Do not change this unless your system uses a different UNIX
mailbox format (very unlikely).
[no short name] If set, :include: and .forward files that are group writable are considered unsafe, that is, they cannot reference programs or write directly to files. World writable :include: and .forward files are always unsafe.
[l] If there is an Errors-To: header, send
error messages to the addresses listed there. They normally go
to the envelope sender.

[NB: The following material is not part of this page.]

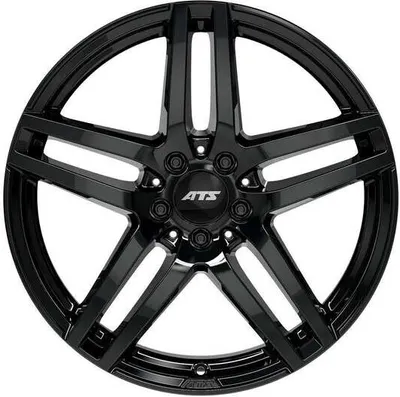 Produktbild von 18 Zoll Alufelge ATS Mizar 18"x8.5" 5x112 PCD ET34.5 66.50mm Felge Schwarz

Use of this option causes sendmail
to violate RFC1123. This option is not recommended and
is deprecated.
[U] The user database specification.
[no short name] This is an initial submission directly from a Mail User Agent. This can be set in the configuration file if you have MUAs that don't pass the -U flag or use the XUSR ESMTP extension, but some relayed mail may get inappropriately rewritten if you do.
[v] Run in verbose mode. If this is set, sendmail adjusts options HoldExpensive (old c) and DeliveryMode (old d) so that all mail is delivered completely in a single job so that you can see the entire delivery process. Option Verbose should never be set in the configuration file; it is intended for command line use only.